The Foghorn took this opportunity to lay out a series of steps to be made to make the college admissions system fairer.
The first thing we would do is remove legacy admissions.
It is understandable that parents would want their children to go to the same school that they attended, and their parents attended, and so on through the generations. However, legacy should not give their kid an advantage in the admissions process. The process should be purely based on merit, not who you’re related to or how much money you have.
Next, many of us think standardized tests have got to go. The scores of a standardized test are only indicative of what you were capable of in a particular four-hour time period. The test has less to do with the material and more to do with how good you are at taking tests.
A small minority of parents donate large amounts of money to a college with the intention of securing admission for their child at said school. Nothing about having wealthy parents implies that you deserve to attend that college. This process might be legal, but it is unethical for donations to give applicants an unfair advantage.

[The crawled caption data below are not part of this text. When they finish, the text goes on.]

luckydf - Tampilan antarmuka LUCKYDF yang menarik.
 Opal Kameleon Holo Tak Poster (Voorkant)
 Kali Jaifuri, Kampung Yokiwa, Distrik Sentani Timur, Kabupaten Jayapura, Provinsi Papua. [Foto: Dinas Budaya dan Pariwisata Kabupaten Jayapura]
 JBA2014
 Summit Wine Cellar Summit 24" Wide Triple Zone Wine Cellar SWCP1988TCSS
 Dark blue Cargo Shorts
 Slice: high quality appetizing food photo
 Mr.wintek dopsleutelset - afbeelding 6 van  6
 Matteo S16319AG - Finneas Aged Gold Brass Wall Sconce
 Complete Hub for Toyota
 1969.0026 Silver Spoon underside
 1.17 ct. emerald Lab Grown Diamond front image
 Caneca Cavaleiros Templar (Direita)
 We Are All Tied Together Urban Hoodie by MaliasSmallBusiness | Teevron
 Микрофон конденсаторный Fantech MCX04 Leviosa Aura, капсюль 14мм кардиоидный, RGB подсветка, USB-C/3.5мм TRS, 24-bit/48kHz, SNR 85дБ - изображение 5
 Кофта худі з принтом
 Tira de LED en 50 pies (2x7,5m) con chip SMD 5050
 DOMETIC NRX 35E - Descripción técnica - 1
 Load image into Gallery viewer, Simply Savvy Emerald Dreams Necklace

We do acknowledge that donations aren’t inherently bad and that many donors do not make donations with the intent of swaying a school in their child’s favor. Donations are necessary to a university, despite the fact they may be used for an unethical reason. There are many students from low-income families at USF, and the University has a reputation for giving generous financial aid packages. If the University did not receive gifts, donations and full-priced tuition payments from those with more financial comfort, a fair amount of the students we see on campus today would not be here.
If universities want students who are doers, the admissions process should reflect that, not through a subjective test, through a parental connection, or a sum of donation money. We must reward creativity and hard work over wealth and familial connections.